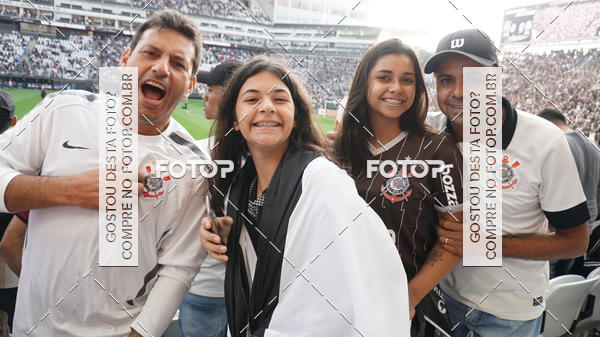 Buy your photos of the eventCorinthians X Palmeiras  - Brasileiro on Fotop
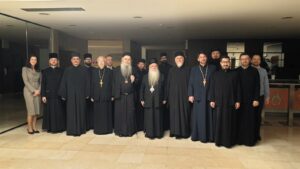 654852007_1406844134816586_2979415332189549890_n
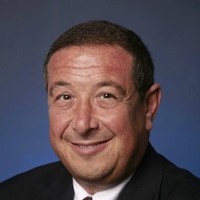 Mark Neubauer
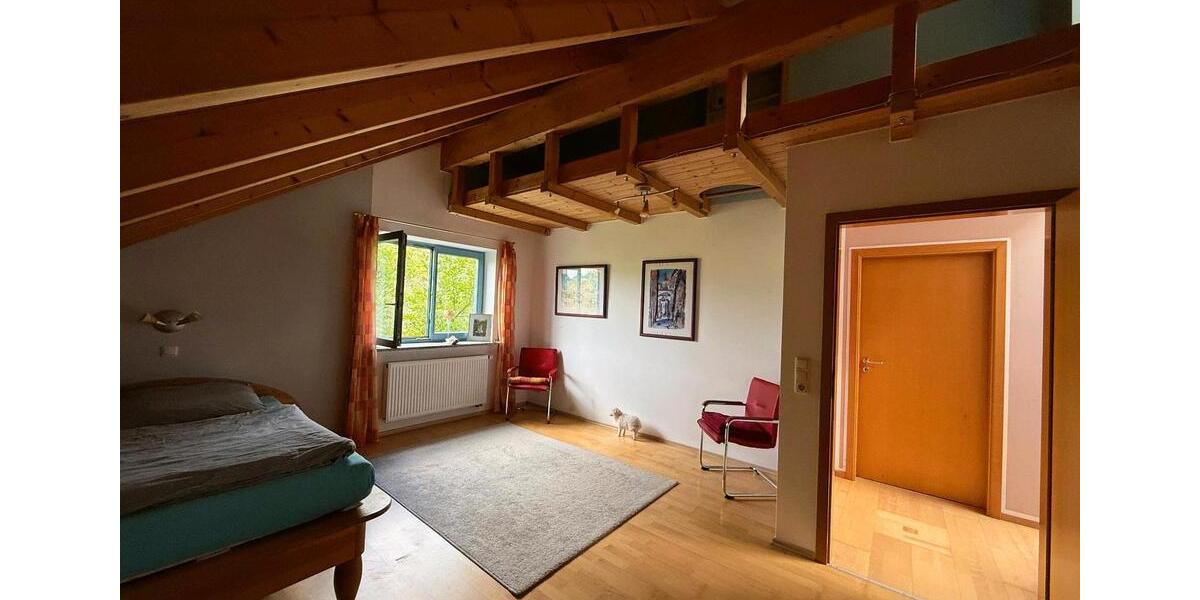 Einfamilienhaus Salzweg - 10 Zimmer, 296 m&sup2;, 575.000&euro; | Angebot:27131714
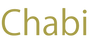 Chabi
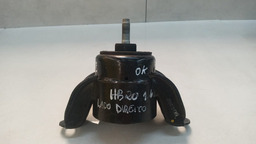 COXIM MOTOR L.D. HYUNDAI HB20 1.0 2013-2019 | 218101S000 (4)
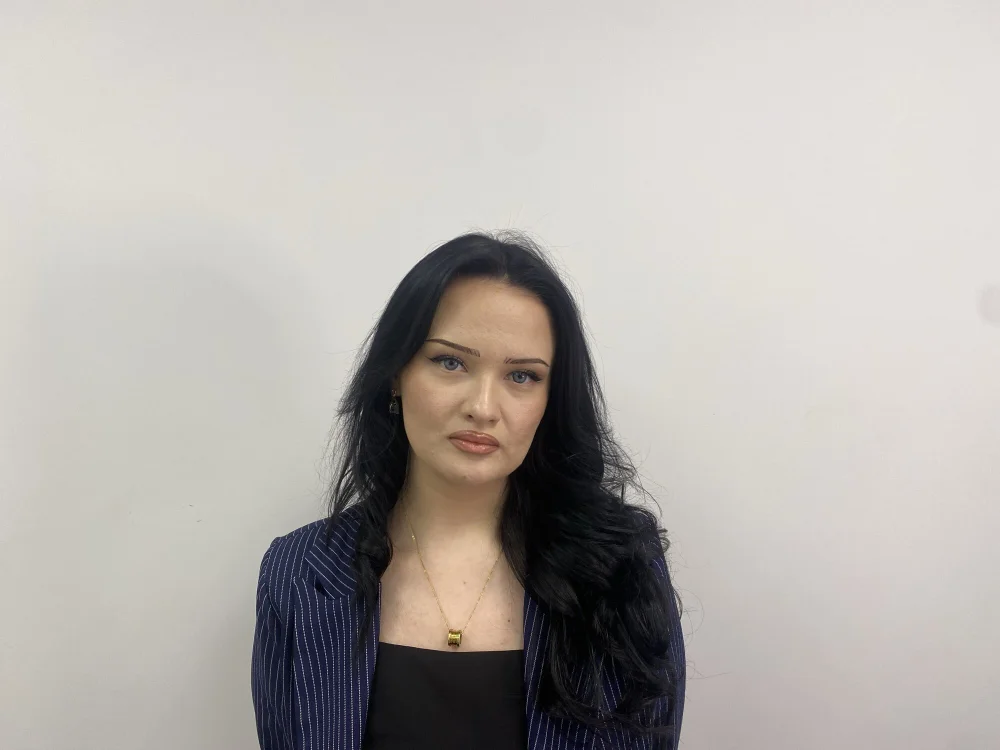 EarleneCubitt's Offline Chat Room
────────────────
§ **Task directions**
Transcribe, please, the lines from the one holding "Einfamilienhaus Salzweg - 10" to the final line of the material, both included, exactly and with no extra lines, and skip the pictures.

§ **Answer section**
 Einfamilienhaus Salzweg - 10 Zimmer, 296 m&sup2;, 575.000&euro; | Angebot:27131714
 Chabi
 COXIM MOTOR L.D. HYUNDAI HB20 1.0 2013-2019 | 218101S000 (4)
 EarleneCubitt's Offline Chat Room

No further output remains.